У ворот он нащупал в кармане гривенник и коротко ткнул в звонок. Пришлось ткнуть еще и еще.
«Обозлится дворник, обозлится, — думал Башкин. — Но мог же я в самом деле быть занят ночью важным делом. Мог дежурить у больного: до дворников ли? Тоже, скажите». И вслух сказал:
— Скажите, пожалуйста.
Башкин поднял голову и выпятил грудь. Во дворе резко хлопнула дверь и зашаркали тяжелые сапоги.
Башкин видел сквозь глазок в ворота, как шел дворник в белье, накинув на голову рваный тулуп.
Башкин ткнул гривенник в ладонь дворнику.
— Скажите, правда у вас болят зубы?
— Эк ты, черт проклятый, — ворчал дворник, тужился повернуть ключ.
— Мне почему-то кажется, что у вас болят зубы, — говорил Башкин, удаляясь от дворника. — Это ужасно мучительно, — говорил Башкин и вступил в черную дыру лестницы.

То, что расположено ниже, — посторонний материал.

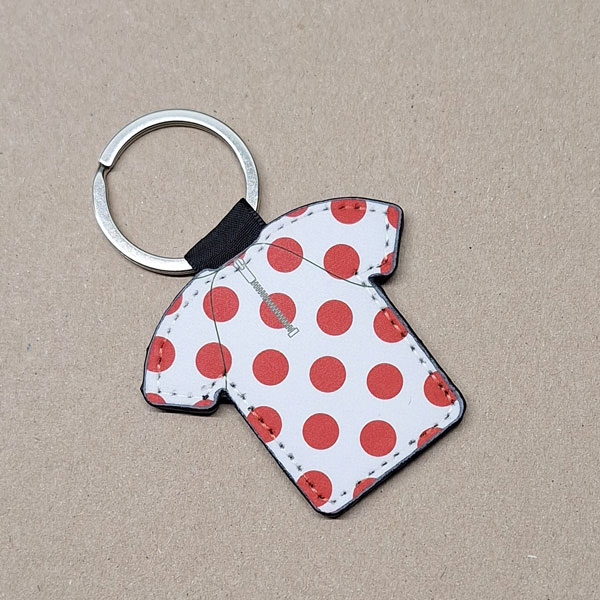 Polka-Jersey-keyring
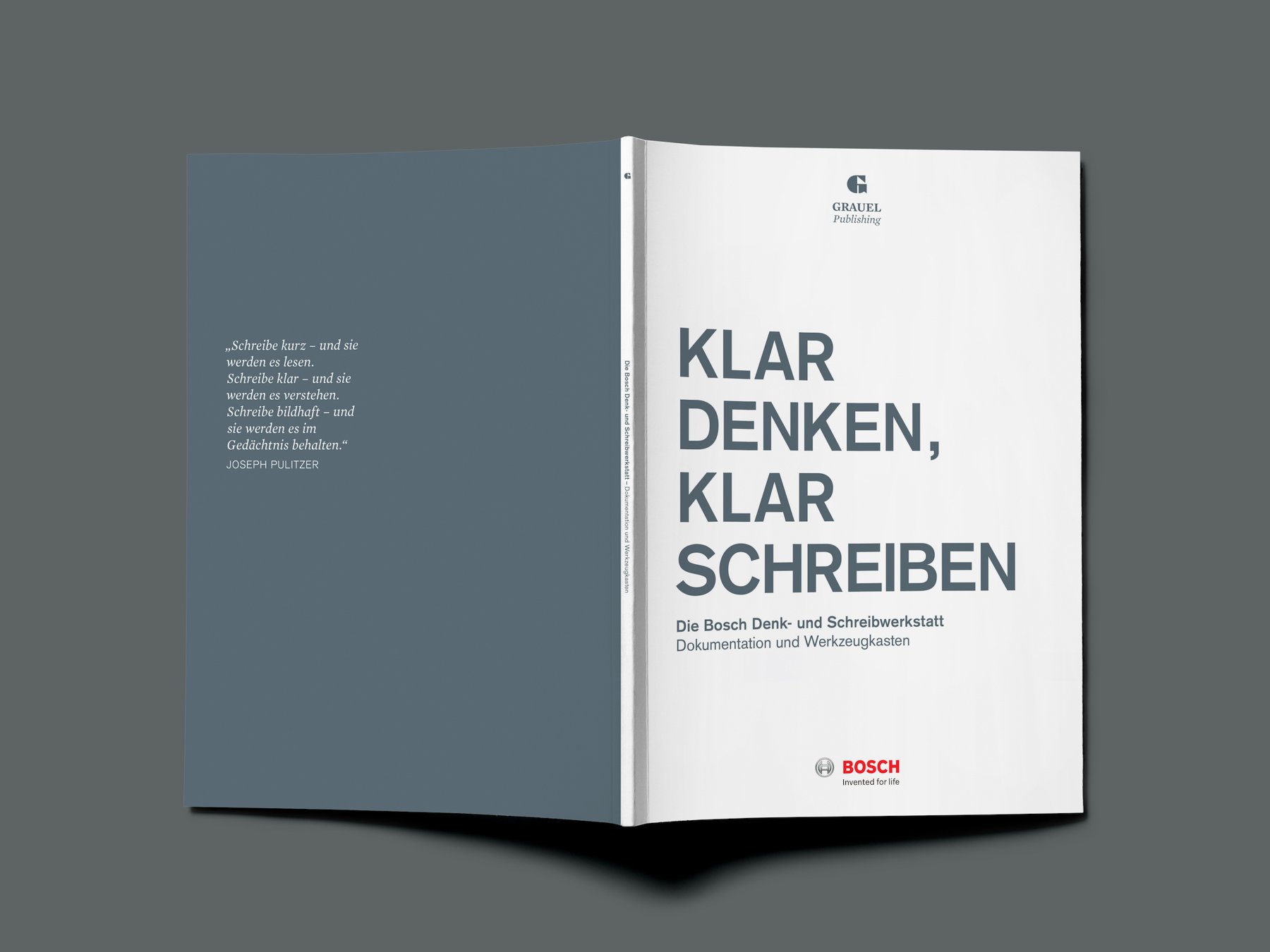 Die Bosch Schreibwerkstatt – Titelansicht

Сзади шаркали тяжелые сапоги по камням.
Башкин жил у вдовы-чиновницы, у пыльной старухи. Старуха никогда не раскрывала окон, вечно толклась в своей комнате и перекладывала старые платья из сундука в комод, из комода в старый дорожный баул, шуршала бумагой. Пыль мутным туманом расползалась по душной квартире. Махоркой, нафталином и грустным запахом старых вещей тянуло из сырого коридора. Казалось, старуха каждый день готовилась к отъезду. К вечеру уставала, и, когда Башкин спрашивал самовар, с трудом переводила дух и всегда отвечала:
— Да повремените… нельзя же все бросить, — и снова пихала слежалое старье в сундук.